Of concern is the indecision that plagues the progress of Australia’s autonomy. Melissa Miller, account director at Young & Rubicam in Sydney believes “Australians know what they don’t want, but don’t know exactly what they do want”. Race relations, gender issues, economic security and job satisfaction are other issues that need to be addressed.

So was Salzman surprised by anything she encountered in Australia? “Yes! It’s such a bloody sexist place,” she says without refrain. “I mean, I’ve also lived this way in Holland which is even more sexist, but only just. You must ask yourselves, ‘What game are we playing here?’ You just seem to be gender obsessed. Sexuality is more blatant but it’s also more political and I think that is a very risky thing. This is a culture that is grounded in really old boys, battler mentality—the guys taking care of one another while the little ladies stand behind them and natter on about what they’re gonna serve for tea.

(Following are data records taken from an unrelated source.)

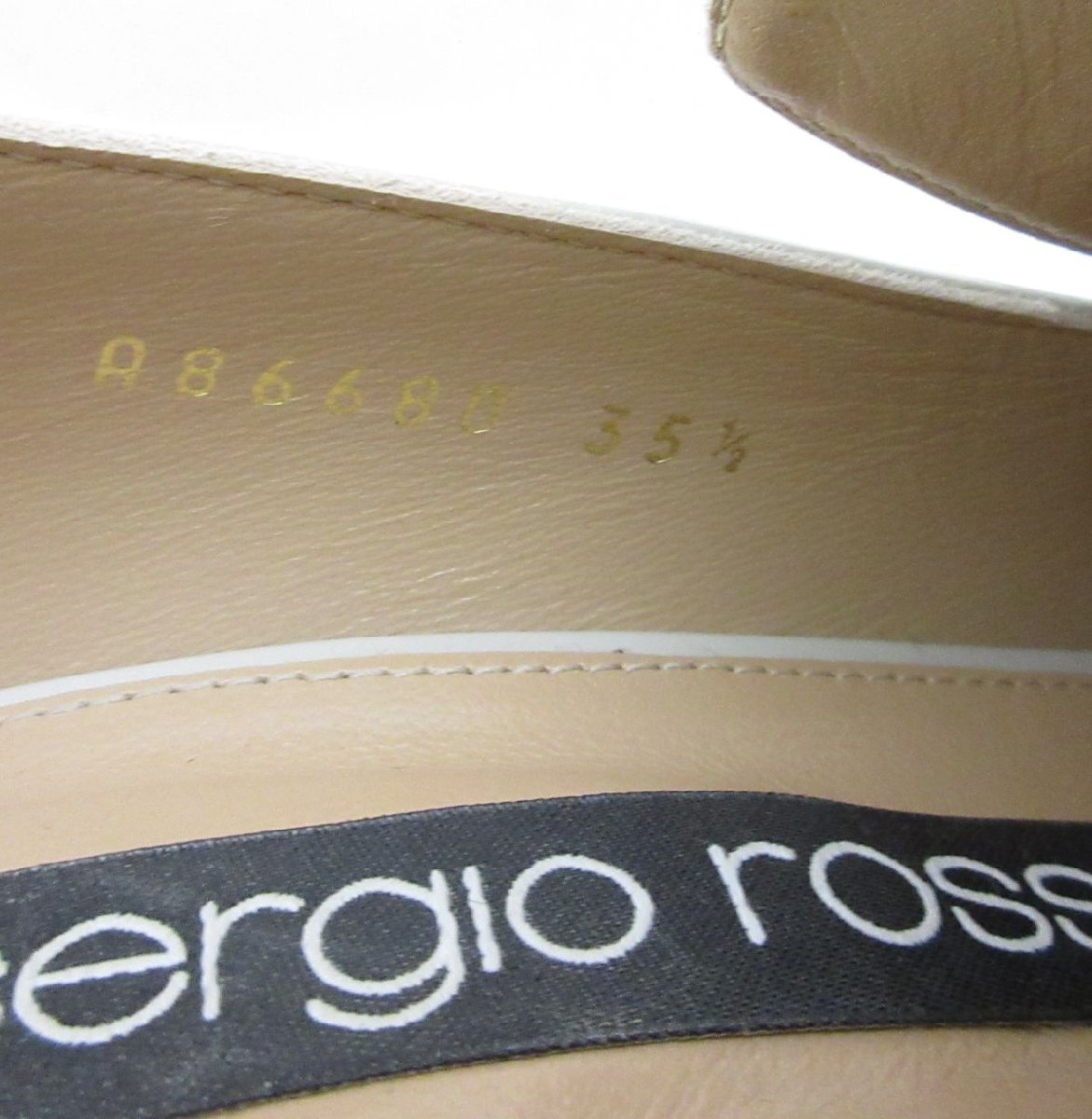 ほぼ美品 Sergio Rossi セルジオロッシ SR プリンス スクエアトゥ エナメル ローファー パンプス A86680 サイズ35.5 23cm相当 アイボリー_画像9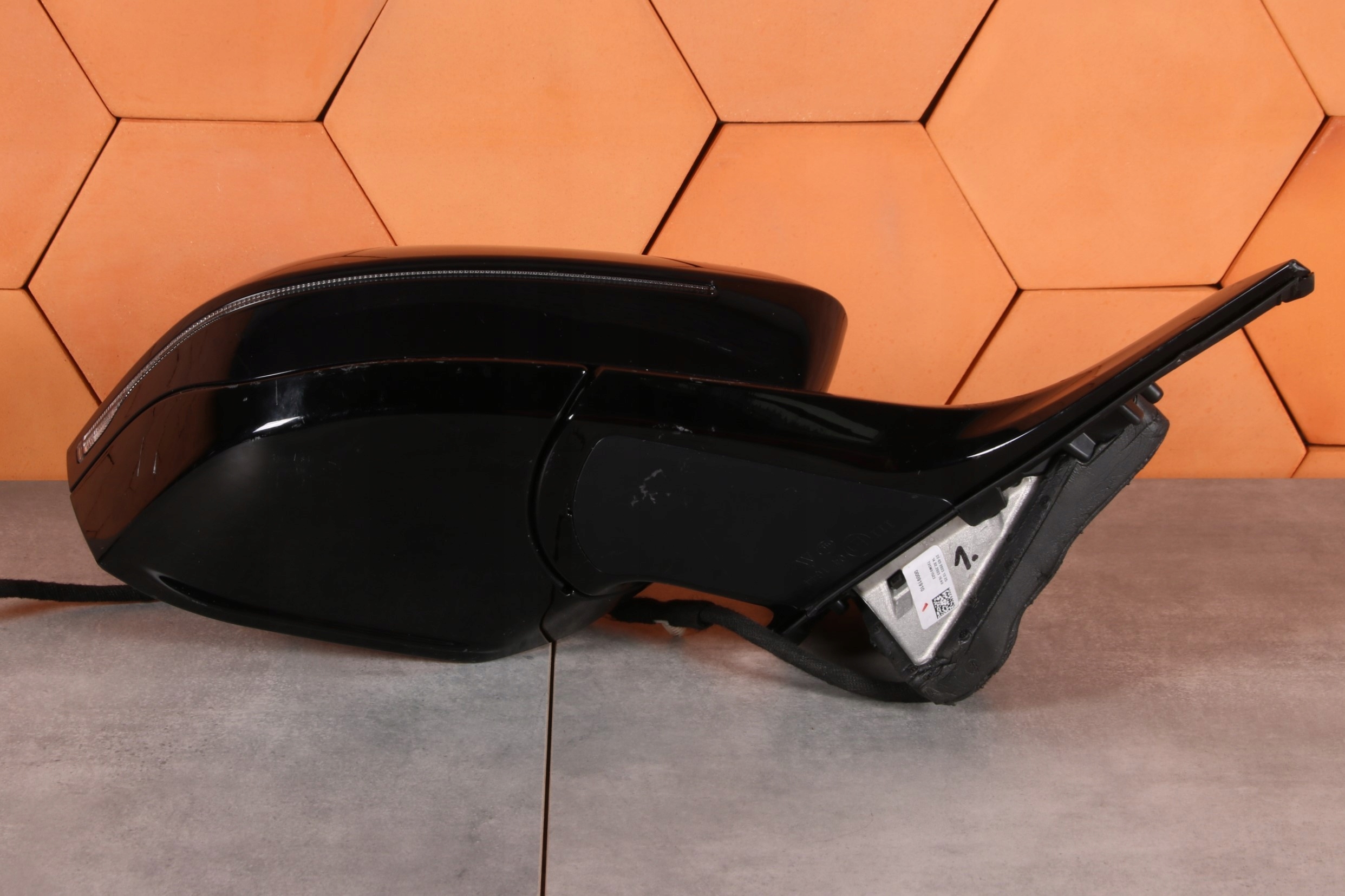 BMW G60 G61 G70 mirror right support cover indicator NAPED 5A292C7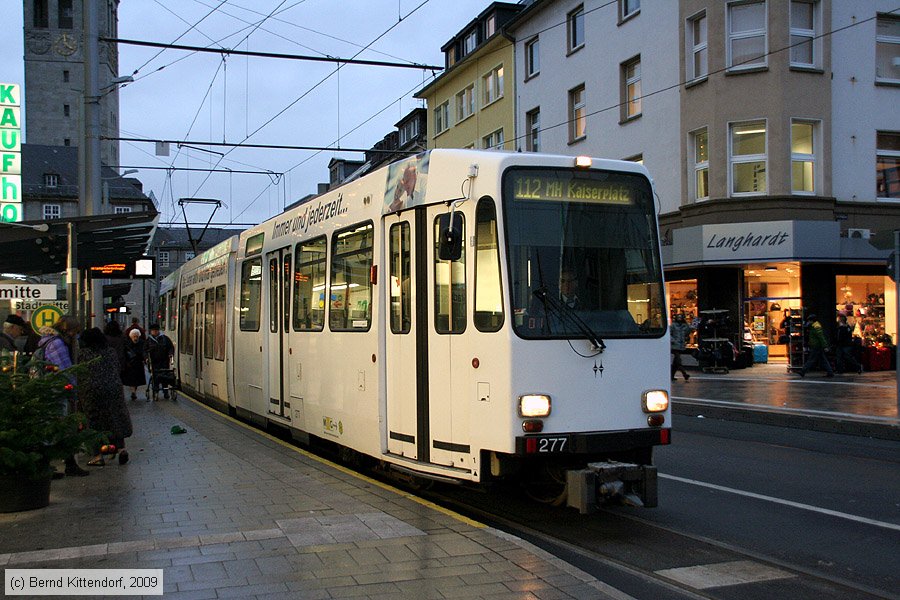 Straßenbahn Mülheim an der Ruhr - 277
/ Bild: muelheim277_bk0911250152.jpg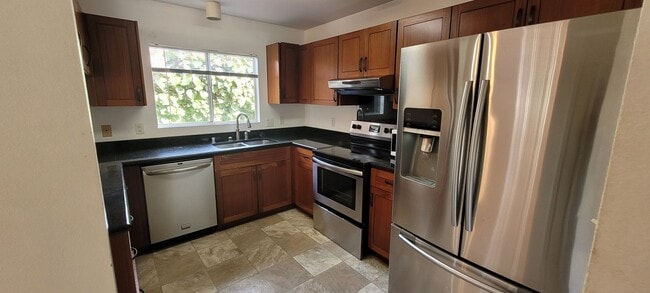 Building Photo - Spacious 3-Bedroom Home in Tropics at Waik...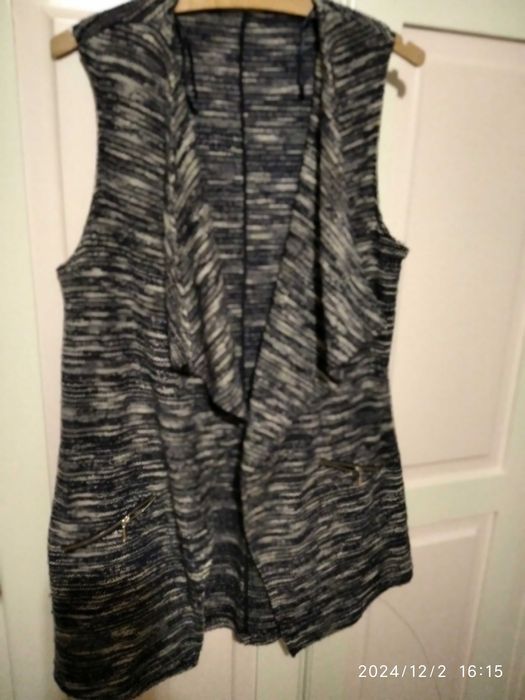 Kamizelka damska narzutka r.44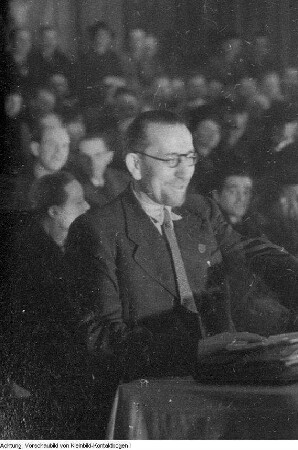 Dresden, Bühlau, Kurhaus. Gründungsparteitag der SED. Wilhelm Koenen, Mitglied des ZK der KPD, 7. April 1946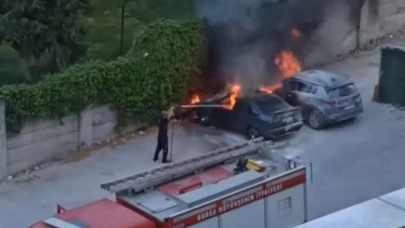 Bursa'da park halindeki araç yandı! Alevler bir başka araca sıçradı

“And I think it’s going to be a long hurdle to overcome. I also think culturally, women have to stop being defensive and start being demanding and that really requires a different thing. It’s not about apologising for being female; it’s about stating what you want out of life and then going after it and getting it. And it’s about almost forgetting about gender. It’s kind of like a race issue. Race goes away when you stop dealing with it as race and just accept it as a difference, not a hindrance.”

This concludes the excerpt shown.